Friday, December 8th 2023

Intel "Sierra Forest" Xeon System Surfaces, Fails in Comparison to AMD Bergamo

Intel's upcoming Sierra Forest Xeon server chip has debuted on Geekbench 6, showcasing its potential in multi-core performance. Slated for release in the first half of 2024, Sierra Forest is equipped with up to 288 Efficiency cores, positioning it to compete with AMD's Zen 4c Bergamo server CPUs and other ARM-based server chips like those from Ampere for the favor of cloud service providers (CSP). In the Geekbench 6 benchmark, a dual-socket configuration featuring two 144-core Sierra Forest CPUs was tested.
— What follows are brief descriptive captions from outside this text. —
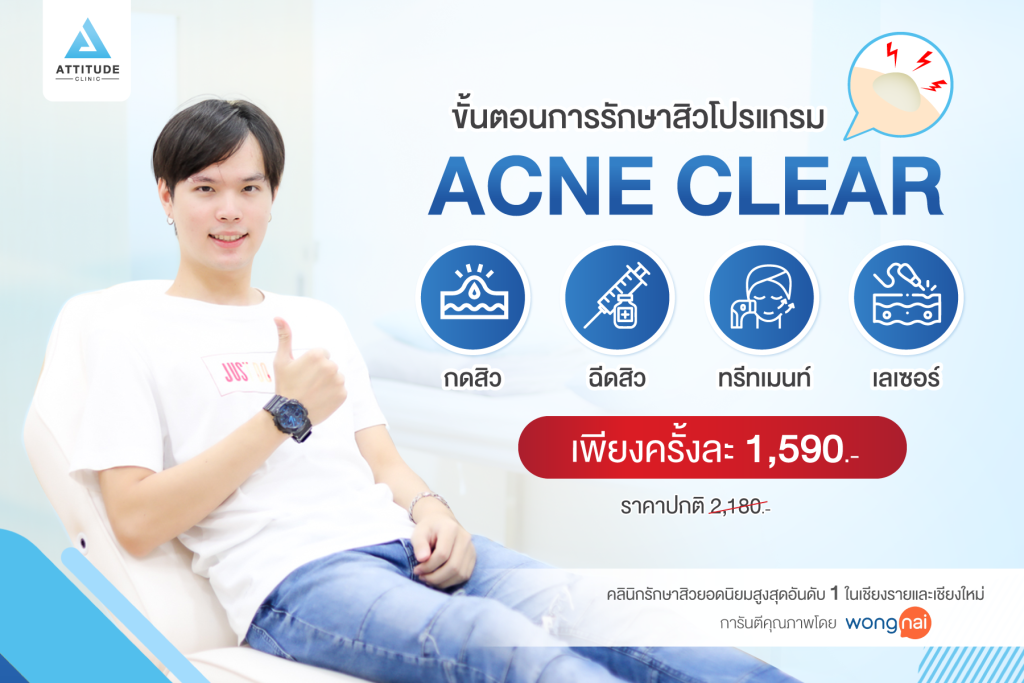 ขั้นตอนการรักษาสิวโปรแกรม Acne Clear กดสิว ฉีดสิว ทรีทเมนท์ เลเซอร์ ออกแบบมาเพื่อคนเป็นสิวและรอยสิวโดยเฉพาะ เห็นผลไว ใช้เวลาในการรักษาไม่นาน โดยแพทย์ผู้เชี่ยวชาญดูแลเองทุกเคส ตรงจุด หายจริง ไม่เลี้ยงไข้ การันตีสิวหายแล้วกว่า 5,000 คน Attitude Clinic เชียงใหม่ เชียงราย ลำปาง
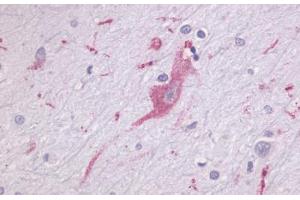 Anti-LPHN1 antibody  ABIN1049022 IHC staining of human brain, neurons and glia.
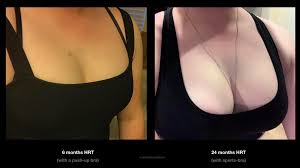 Breast growth timelapse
The benchmark revealed a notable multi-core score of 7,770, surpassing most dual-socket systems powered by Intel's high-end Xeon Platinum 8480+, which typically scores between 6,500 and 7,500. However, Sierra Forest's single-core score of 855 points was considerably lower, not even reaching half of that of the 8480+, which manages 1,897 points.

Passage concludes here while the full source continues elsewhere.